[[ Data to examine open ]]

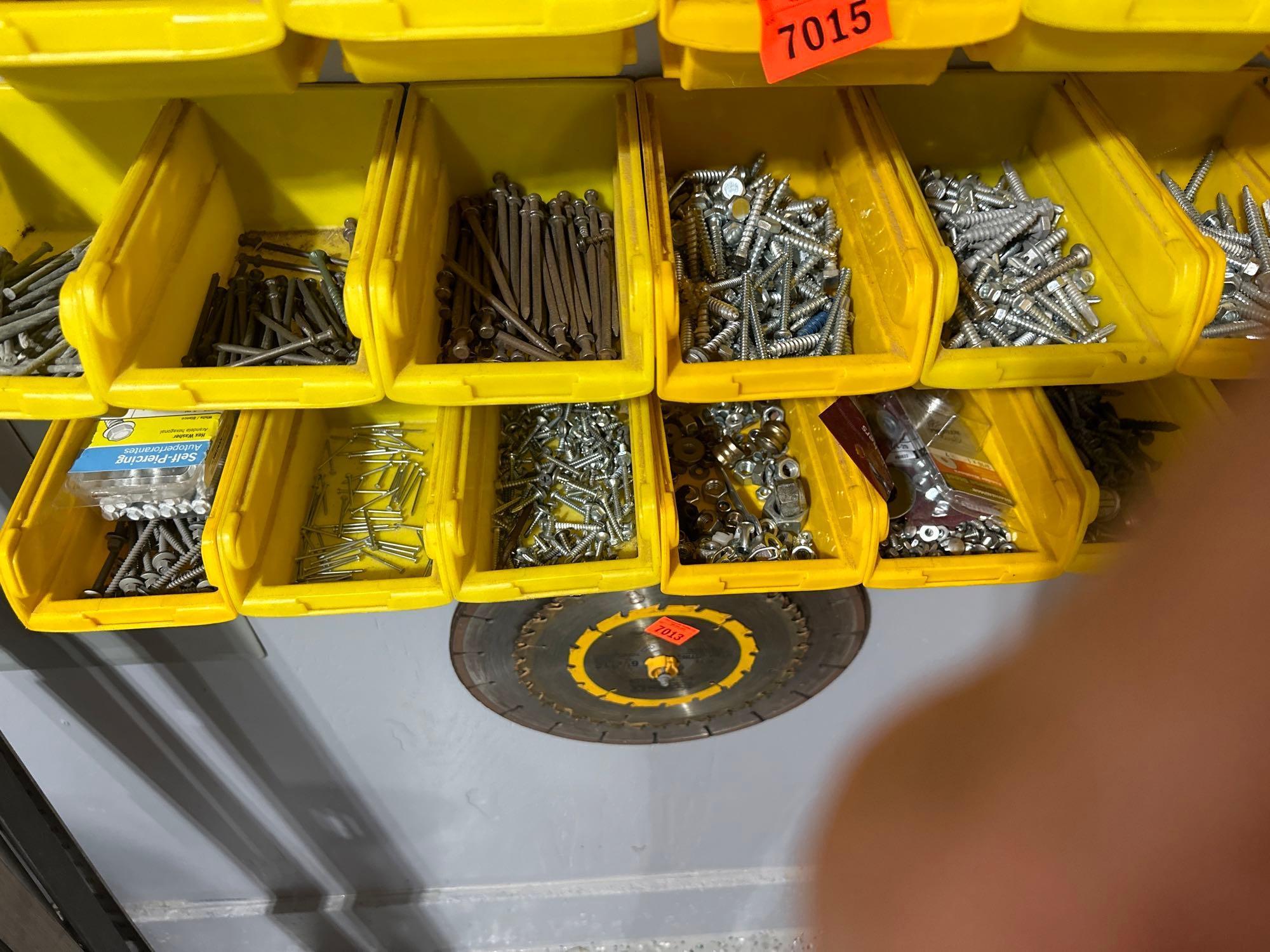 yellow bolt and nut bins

[[ Data to examine closed ]]
[[ Data to examine open ]]

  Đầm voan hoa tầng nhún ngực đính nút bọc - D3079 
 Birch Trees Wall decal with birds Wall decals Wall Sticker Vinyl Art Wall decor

[[ Data to examine closed ]]
[[ Data to examine open ]]

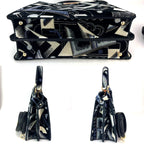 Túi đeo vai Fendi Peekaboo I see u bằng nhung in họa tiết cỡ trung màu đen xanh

[[ Data to examine closed ]]

Would you please copy, word for word, everything above from the line containing "Đầm voan hoa" down to the line containing "Birch Trees Wall", those two lines included?

● **Reply**:
  Đầm voan hoa tầng nhún ngực đính nút bọc - D3079 
 Birch Trees Wall decal with birds Wall decals Wall Sticker Vinyl Art Wall decor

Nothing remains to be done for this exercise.